Designing the first EU-wide Green Hydrogen Guarantee of Origin for a new hydrogen market
Hydrogen is a key vector to reach climate change targets as it enables massive decarbonization in industry and transport when it is produced from renewables or low carbon energy sources. Global demand for hydrogen is foreseen to reach 50 million tons by 2025 and there is a potential that 50-60% of all hydrogen originates from renewable or low-carbon energy sources by 2030. A reliable scheme that tracks and certifies the origin of the produced hydrogen is essential to create a market for Green and Low-carbon hydrogen, as it is and has been for renewable electricity.
CertifHy is developing the first EU-wide Guarantee of Origin (GO) scheme for Green and Low-carbon hydrogen. Led by Hinicio and in cooperation with Grexel, LBST, TNO and TÜV SÜD, the initiative is financed by FCH JU, the European public-private partnership for hydrogen and fuel cell technologies and is supported by the European Commission.
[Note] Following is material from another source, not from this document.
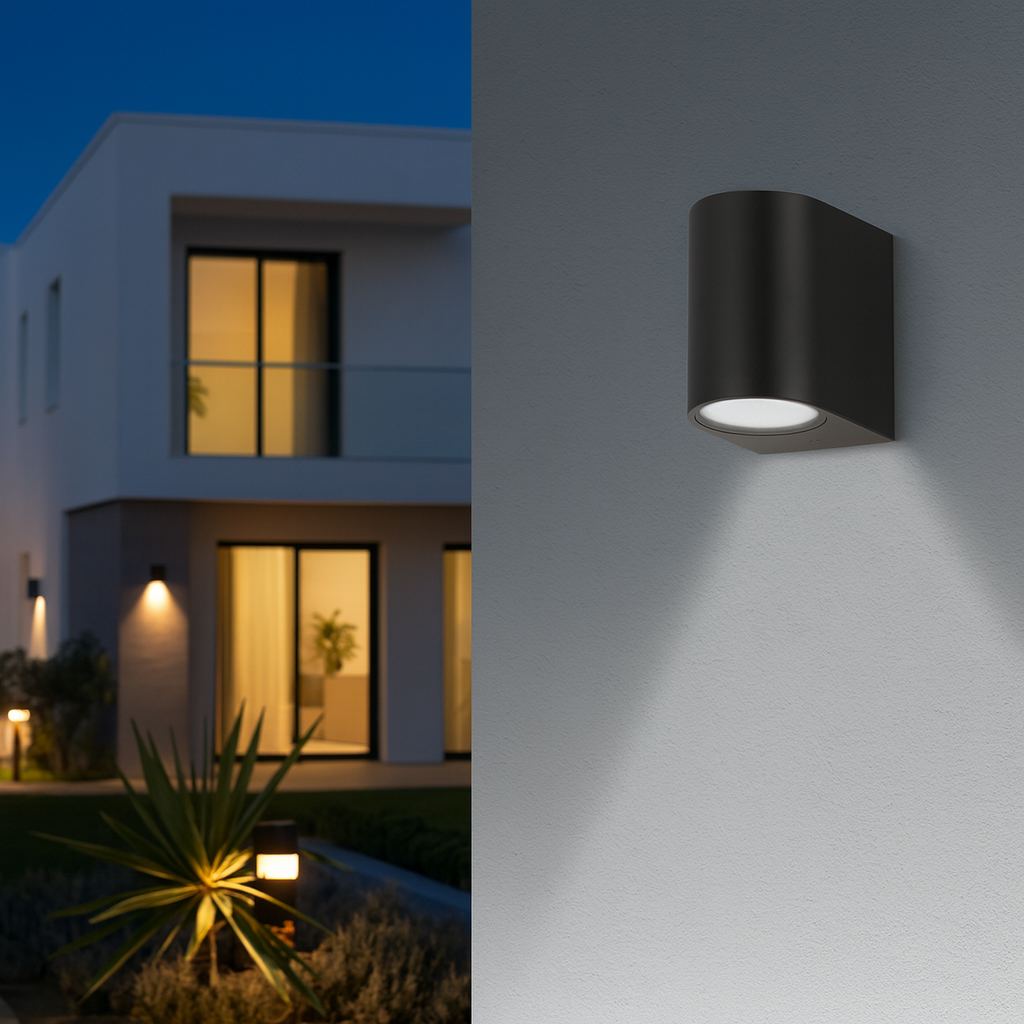 Lampada esterno parete GU10 IP54 applique facciata – luce LED esterna resistente pioggia per giardino ingresso balcone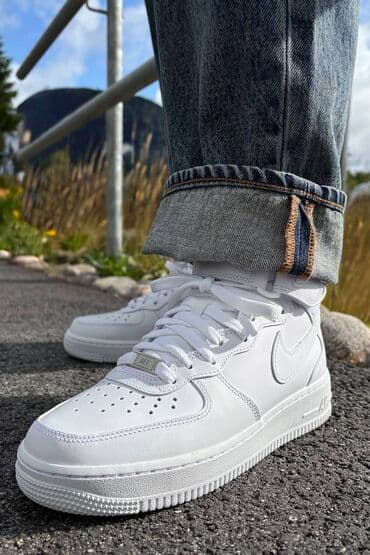 аир форсы: Мужские кроссовки, 44, Nike, Б/у, цвет - Белый — 1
CertifHy will provide information about the source of the hydrogen with certificates being traded through an electronic registry separate from the physical flow. This allows EU-wide transferability and consumption of Green and Low carbon hydrogen and for profitable business cases to develop. A GO scheme offers transparency, empowers consumers and creates market pull for Green and Low-carbon hydrogen.
From concept to implementation
Based on the definitions of Green and Low-carbon hydrogen and a solid framework built during the first phase of the project, CertifHy is implementing the GO scheme currently. This includes defining the scheme’s governance, as well as its processes and procedures over the entire GO life cycle: from auditing the hydrogen production plants, certification of hydrogen production batches, through the issuing and trading, all the way up to the sale of GOs.
Four pilot projects showcase different hydrogen production pathways and are testing CertifHy at their respective hydrogen production plants located throughout Europe. The industrial gas company Air Liquide demonstrates a hydrogen production plant using steam methane reforming with CCS/CCU unit in France. The chemical companies Air Products and Akzo Nobel present hydrogen production using a chlor-alkali process in the Netherlands. As a retailer Colruyt demonstrates on-site hydrogen production for its fleet in Belgium and the German energy storage company Uniper shows hydrogen production from water electrolysis. Their production batches are audited during this pilot and the corresponding GOs will be up for trade in the second half of the project.
CertifHy’s stakeholder platform (including four working groups) is a forum of discussion about how to structure the system and manage the pilot stage. It brings together 130+ European organizations across the whole supply chain contributing to shaping the GO scheme. “Whereas the first phase of CertifHy built a solid foundation with 14 companies and already more than 500 followers; I am greatly satisfied we are now rolling out the system with more than 800 stakeholders and creating a European harmonized system,” states CertifHy’s project coordinator Wouter Vanhoudt during CertifHy’s stakeholder platform’s first plenary session in November 2017.
By early 2019, CertifHy is creating the path forward for a concrete and actionable GO scheme. A reliable and efficient GO scheme will contribute to decarbonizing energy and transport, enhancing renewable energy use and moving ahead to a new energy market.